在不进行跟踪时，tf.GradientTape 是一个提供最佳性能的可选特性。因为每次调用都会发生不同的操作，因此所有向前传播操作都会被记录在一个 “tape” 中。为了计算梯度，需要向后播放 tape，然后丢弃。一个特定的 tf.GradientTape 只能计算一个梯度，之后的调用会导致运行时错误。

w = tf.Variable([[1.0]])
with tf.GradientTape() as tape:
  loss = w * w
grad = tape.gradient(loss, w)
print(grad)  # => tf.Tensor([[ 2.]], shape=(1, 1), dtype=float32)

这是 tf.GradientTape 在训练简单模型时记录向前传播操作的一个示例:

# A toy dataset of points around 3 * x + 2
NUM_EXAMPLES = 1000
training_inputs = tf.random_normal([NUM_EXAMPLES])
noise = tf.random_normal([NUM_EXAMPLES])
training_outputs = training_inputs * 3 + 2 + noise
def prediction(input, weight, bias):
  return input * weight + bias
# A loss function using mean-squared error
def loss(weights, biases):
  error = prediction(training_inputs, weights, biases) - training_outputs
  return tf.reduce_mean(tf.square(error))
# Return the derivative of loss with respect to weight and bias
def grad(weights, biases):
  with tf.GradientTape() as tape:
    loss_value = loss(weights, biases)
  return tape.gradient(loss_value, [weights, biases])
train_steps = 200
learning_rate = 0.01
# Start with arbitrary values for W and B on the same batch of data
W = tf.Variable(5.)
B = tf.Variable(10.)
print("Initial loss: {:.3f}".format(loss(W, B)))
for i in range(train_steps):
  dW, dB = grad(W, B)
  W.assign_sub(dW * learning_rate)
  B.assign_sub(dB * learning_rate)
  if i % 20 == 0:
    print("Loss at step {:03d}: {:.3f}".format(i, loss(W, B)))
print("Final loss: {:.3f}".format(loss(W, B)))
print("W = {}, B = {}".format(W.numpy(), B.numpy()))

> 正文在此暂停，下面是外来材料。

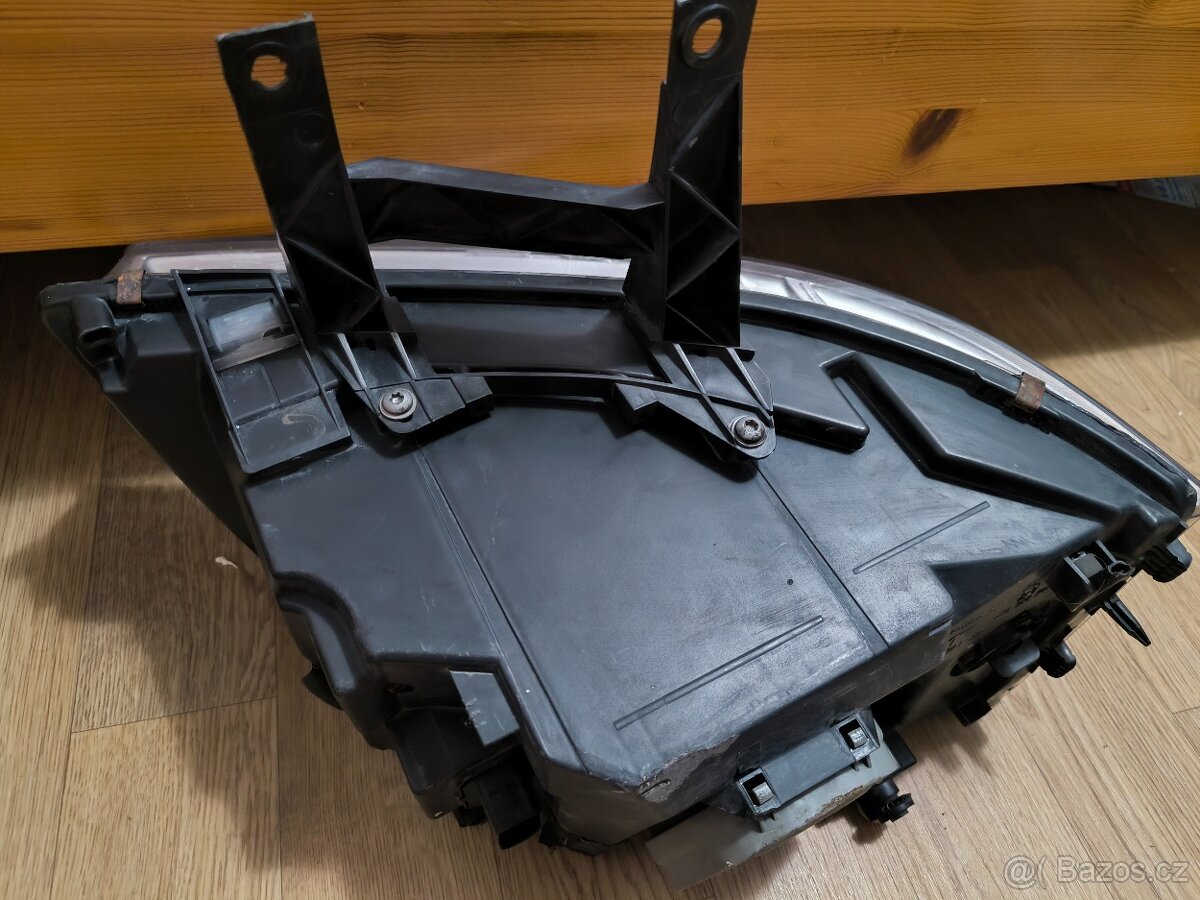 Originál světlo VW T5 - 10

Output (exact numbers may vary):

Initial loss: 71.204
Loss at step 000: 68.333
Loss at step 020: 30.222
Loss at step 040: 13.691
Loss at step 060: 6.508
Loss at step 080: 3.382
Loss at step 100: 2.018
Loss at step 120: 1.422
Loss at step 140: 1.161
Loss at step 160: 1.046
Loss at step 180: 0.996
Final loss: 0.974
W = 3.01582956314, B = 2.1191945076

重放 tf.GradientTape 来计算梯度并应用在循环训练中。这在 mnist_eager.py 中有演示示例：

dataset = tf.data.Dataset.from_tensor_slices((data.train.images,
                                              data.train.labels))
...
for (batch, (images, labels)) in enumerate(dataset):
  ...
  with tf.GradientTape() as tape:
    logits = model(images, training=True)
    loss_value = loss(logits, labels)
  ...
  grads = tape.gradient(loss_value, model.variables)
  optimizer.apply_gradients(zip(grads, model.variables),
                            global_step=tf.train.get_or_create_global_step())

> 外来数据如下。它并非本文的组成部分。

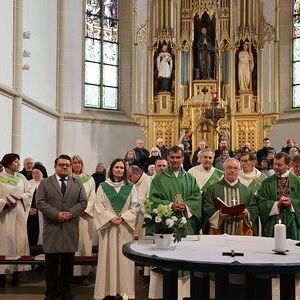 Am 25. Jänner 2026 wurden Pfarrer Abt Reinhold Dessl, Pastoralvorständin Maria Krone und Verwaltungsvorstand Daniel Himsl in der Pfarrkirche Ottenheim von Generalvikar Severin Lederhilger feierlich in ihr Amt eingeführt.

下述示例创建了一个对标准 MNIST 手写体数字进行了分类的多层模型。它演示了在 eager execution 环境中如何利用优化器和网络层 API 来构建可训练图。

训练模型

即使没有进行训练，也可以调用模型，并在 eager execution 中检查输出：

# Create a tensor representing a blank image
batch = tf.zeros([1, 1, 784])
print(batch.shape)  # => (1, 1, 784)
result = model(batch)
# => tf.Tensor([[[ 0.  0., ..., 0.]]], shape=(1, 1, 10), dtype=float32)

本示例使用 TensorFlow MNIST example 中的 dataset.py module；将本文件下载到你的本地目录。运行以下内容将 MNIST 数据文件下载到你的工作目录，并为训练准备一个 tf.data.Dataset：

import dataset  # download dataset.py file
dataset_train = dataset.train('./datasets').shuffle(60000).repeat(4).batch(32)

为了训练模型，为优化定义一个损失函数并计算梯度。使用优化器进行更新变量：

def loss(model, x, y):
  prediction = model(x)
  return tf.losses.sparse_softmax_cross_entropy(labels=y, logits=prediction)
def grad(model, inputs, targets):
  with tf.GradientTape() as tape:
    loss_value = loss(model, inputs, targets)
  return tape.gradient(loss_value, model.variables)
optimizer = tf.train.GradientDescentOptimizer(learning_rate=0.001)
x, y = iter(dataset_train).next()
print("Initial loss: {:.3f}".format(loss(model, x, y)))
# 循环训练
for (i, (x, y)) in enumerate(dataset_train):
  # 根据参数计算输入函数的导数。
  grads = grad(model, x, y)
  # 对模型应用梯度
  optimizer.apply_gradients(zip(grads, model.variables),
                            global_step=tf.train.get_or_create_global_step())
  if i % 200 == 0:
    print("Loss at step {:04d}: {:.3f}".format(i, loss(model, x, y)))
print("Final loss: {:.3f}".format(loss(model, x, y)))

Output（确切的数字可能会发生偏差）：

Initial loss: 2.674
Loss at step 0000: 2.593
Loss at step 0200: 2.143
Loss at step 0400: 2.009
Loss at step 0600: 2.103
Loss at step 0800: 1.621
Loss at step 1000: 1.695
...
Loss at step 6600: 0.602
Loss at step 6800: 0.557
Loss at step 7000: 0.499
Loss at step 7200: 0.744
Loss at step 7400: 0.681
Final loss: 0.670

为了进行更快速的训练，将计算转移到 GPU 中：

with tf.device("/gpu:0"):
  for (i, (x, y)) in enumerate(dataset_train):
    # minimize() is equivalent to the grad() and apply_gradients() calls.
    optimizer.minimize(lambda: loss(model, x, y),
                       global_step=tf.train.get_or_create_global_step())

变量和优化器

tf.Variable 对象存储在训练时可以访问的可变 tf.Tensor 值来让自动微分更加简单。模型参数可以作为变量封装在类中。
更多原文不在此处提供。